A Restauração da Independência de Portugal foi celebrada em Loulé com uma simbólica homenagem a Nossa Senhora e uma conferência sobre o papel do Algarve nessa luta.
O município de Loulé voltou a associar-se às comemorações da Restauração da Independência de Portugal, no dia 1 de dezembro, passada quinta-feira.
Este ano, para o 382º aniversário, Loulé apostou num programa de atividades «que procurou trazer à memória um momento marcante para a identidade nacional», com uma homenagem à Padroeira de Portugal e uma conferência sobre o papel do Algarve na luta pela independência.
O hastear da bandeira nacional junto à Muralha do Castelo marcou o início das celebrações, juntamente com a interpretação do Hino Nacional e do Huno da Restauração pela Banda Filarmónica Artistas de Minerva, numa alusão ao fim dos 60 anos de domínio espanhol.
Seguiram-se os discursos oficiais no exterior da Ermida da Nossa Senhora da Conceição, um espaço eclesiástico que marca a ligação de Loulé à Restauração.
Isto porque, D. João IV, na consagração de Nossa Senhora como Padroeira de Portugal, mandou erigir a Ermida, que hoje é um dos ex-líbris patrimoniais do concelho.
«Comemoramos a restauração da nossa independência, da nossa soberania, da nossa autodeterminação enquanto povo, com identidade, cultura e princípios próprios. Nunca terá sido tão pertinente falar em restauração da independência como agora, quando temos uma guerra que deflagra na Europa», disse ao microfone Ana Machado, vice-presidente da Câmara Municipal de Loulé.
No uso da palavra, a autarca referiu ainda que a celebração visa «homenagearmos os homens e as mulheres que ao longo da nossa História pugnaram pela nossa liberdade, pela nossa autodeterminação e pela preservação da nossa cultura».
Por sua vez, Carlos Aquino, pároco de Loulé, descreveu «um dia de memória e de identidade», onde nem sempre lhe é dado a devida importância.

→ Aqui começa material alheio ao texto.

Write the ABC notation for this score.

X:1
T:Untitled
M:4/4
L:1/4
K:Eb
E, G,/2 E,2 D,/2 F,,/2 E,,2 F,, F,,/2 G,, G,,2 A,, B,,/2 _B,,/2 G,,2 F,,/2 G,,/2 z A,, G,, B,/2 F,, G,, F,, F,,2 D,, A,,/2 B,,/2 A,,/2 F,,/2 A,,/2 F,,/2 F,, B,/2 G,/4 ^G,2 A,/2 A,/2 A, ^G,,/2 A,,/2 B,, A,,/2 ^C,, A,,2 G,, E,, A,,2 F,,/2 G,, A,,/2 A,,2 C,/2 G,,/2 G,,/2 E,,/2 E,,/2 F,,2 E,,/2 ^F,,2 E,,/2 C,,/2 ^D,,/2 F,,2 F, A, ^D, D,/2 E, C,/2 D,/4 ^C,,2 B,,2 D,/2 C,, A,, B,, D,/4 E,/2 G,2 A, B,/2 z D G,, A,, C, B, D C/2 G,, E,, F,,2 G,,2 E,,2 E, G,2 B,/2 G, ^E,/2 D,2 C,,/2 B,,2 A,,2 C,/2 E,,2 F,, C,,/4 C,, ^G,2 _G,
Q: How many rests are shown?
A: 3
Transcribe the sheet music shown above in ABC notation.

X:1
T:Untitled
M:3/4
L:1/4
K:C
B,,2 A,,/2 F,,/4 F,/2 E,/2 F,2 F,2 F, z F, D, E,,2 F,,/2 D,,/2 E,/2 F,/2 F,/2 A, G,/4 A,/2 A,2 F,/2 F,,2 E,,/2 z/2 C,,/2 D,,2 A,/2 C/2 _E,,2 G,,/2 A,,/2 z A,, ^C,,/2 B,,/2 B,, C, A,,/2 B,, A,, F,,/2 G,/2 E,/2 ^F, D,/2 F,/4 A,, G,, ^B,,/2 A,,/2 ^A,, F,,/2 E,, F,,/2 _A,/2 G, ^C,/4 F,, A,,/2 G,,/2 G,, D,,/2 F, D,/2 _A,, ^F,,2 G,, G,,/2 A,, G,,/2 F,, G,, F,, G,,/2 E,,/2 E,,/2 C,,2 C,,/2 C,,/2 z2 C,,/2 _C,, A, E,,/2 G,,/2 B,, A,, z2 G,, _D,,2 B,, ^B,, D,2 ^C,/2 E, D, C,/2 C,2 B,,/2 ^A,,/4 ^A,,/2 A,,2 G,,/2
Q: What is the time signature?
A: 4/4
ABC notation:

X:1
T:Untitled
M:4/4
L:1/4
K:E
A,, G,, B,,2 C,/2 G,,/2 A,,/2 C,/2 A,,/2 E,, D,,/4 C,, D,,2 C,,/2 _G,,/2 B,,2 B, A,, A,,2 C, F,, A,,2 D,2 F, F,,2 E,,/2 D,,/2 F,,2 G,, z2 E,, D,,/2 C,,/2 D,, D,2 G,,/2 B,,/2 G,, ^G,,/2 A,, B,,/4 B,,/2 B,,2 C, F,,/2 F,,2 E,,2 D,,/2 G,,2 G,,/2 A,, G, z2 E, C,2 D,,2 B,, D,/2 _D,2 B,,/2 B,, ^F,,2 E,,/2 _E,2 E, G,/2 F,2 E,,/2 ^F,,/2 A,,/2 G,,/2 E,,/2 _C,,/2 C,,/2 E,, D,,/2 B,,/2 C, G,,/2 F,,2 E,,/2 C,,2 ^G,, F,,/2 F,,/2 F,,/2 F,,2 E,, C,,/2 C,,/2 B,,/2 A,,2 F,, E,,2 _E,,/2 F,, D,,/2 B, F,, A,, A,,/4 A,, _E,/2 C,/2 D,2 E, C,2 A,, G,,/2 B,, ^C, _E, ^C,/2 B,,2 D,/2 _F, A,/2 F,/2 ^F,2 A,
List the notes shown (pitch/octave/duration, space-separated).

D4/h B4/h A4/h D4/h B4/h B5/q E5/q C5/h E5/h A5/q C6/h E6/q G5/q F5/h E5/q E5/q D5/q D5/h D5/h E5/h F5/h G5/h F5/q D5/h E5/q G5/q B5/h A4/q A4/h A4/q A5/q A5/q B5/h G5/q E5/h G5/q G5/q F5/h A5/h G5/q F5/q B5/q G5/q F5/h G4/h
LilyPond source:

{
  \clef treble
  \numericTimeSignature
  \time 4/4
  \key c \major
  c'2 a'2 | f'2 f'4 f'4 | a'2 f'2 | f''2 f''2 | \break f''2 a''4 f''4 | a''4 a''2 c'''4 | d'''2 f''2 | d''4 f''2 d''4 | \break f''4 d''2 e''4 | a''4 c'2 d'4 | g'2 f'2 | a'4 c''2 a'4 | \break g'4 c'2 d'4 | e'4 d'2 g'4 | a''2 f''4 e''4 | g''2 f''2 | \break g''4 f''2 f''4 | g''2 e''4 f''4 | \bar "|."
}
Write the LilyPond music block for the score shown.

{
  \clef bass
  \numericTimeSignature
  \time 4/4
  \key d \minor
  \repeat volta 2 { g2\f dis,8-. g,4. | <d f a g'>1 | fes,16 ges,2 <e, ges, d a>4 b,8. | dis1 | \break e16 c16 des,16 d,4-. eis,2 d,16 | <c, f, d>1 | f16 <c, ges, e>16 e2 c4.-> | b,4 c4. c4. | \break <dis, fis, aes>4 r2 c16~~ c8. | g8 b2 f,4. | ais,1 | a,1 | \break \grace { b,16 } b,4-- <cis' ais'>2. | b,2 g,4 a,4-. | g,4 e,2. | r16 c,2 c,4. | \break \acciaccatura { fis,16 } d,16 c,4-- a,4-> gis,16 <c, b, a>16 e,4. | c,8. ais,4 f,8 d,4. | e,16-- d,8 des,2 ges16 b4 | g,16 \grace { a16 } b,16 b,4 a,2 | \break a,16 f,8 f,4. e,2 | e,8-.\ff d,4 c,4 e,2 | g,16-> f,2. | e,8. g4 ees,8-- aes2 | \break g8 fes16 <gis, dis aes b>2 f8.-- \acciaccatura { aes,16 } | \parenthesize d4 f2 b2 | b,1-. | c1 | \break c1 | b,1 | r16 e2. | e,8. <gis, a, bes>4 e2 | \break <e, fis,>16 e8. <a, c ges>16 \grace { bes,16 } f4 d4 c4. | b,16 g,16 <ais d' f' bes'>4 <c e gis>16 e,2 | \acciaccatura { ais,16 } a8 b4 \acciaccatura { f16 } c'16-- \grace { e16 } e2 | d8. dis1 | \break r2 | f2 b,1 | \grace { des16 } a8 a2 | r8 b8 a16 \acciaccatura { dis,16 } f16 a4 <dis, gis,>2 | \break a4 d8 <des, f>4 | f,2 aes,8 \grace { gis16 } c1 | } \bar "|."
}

«Não pode ser celebrado como um dia evocativo de um património bacoco, a que a maior parte do povo dá expressão pela ausência, – é um dia para non fare niente [não fazer nada]. É preciso dar densidade e recomeço ao que seja a restauração de uma independência, dos valores de uma autonomia, da liberdade, da verdade de um povo que não pode viver submisso a qualquer poder escravizante, dominador ou soberano», considerou.
A cerimónia terminou com a deposição de flores junto à lápide da fachada da Ermida, que se baseia numa previsão régia de D. João IV, datada de 25 de março de 1646, que corresponde ao momento em que Nossa Senhora da Conceição, «Imaculada Conceição», se torna Padroeira de Portugal.
O papel do Algarve na independência
Também o Arquivo Municipal de Loulé se juntou às comemorações com a conferência «O Algarve na Guerra da Restauração (1640-1668)», apresentada pelo historiador Pedro Pires.
«O Algarve, de certo modo, teve um papel secundário no que concerne à estratégia de guerra da Restauração, pela geografia que o tornava pouco apelativo para uma batalha, para uma invasão a partir do sul. No entanto nunca baixaram a guarda», detalhou o conferencista.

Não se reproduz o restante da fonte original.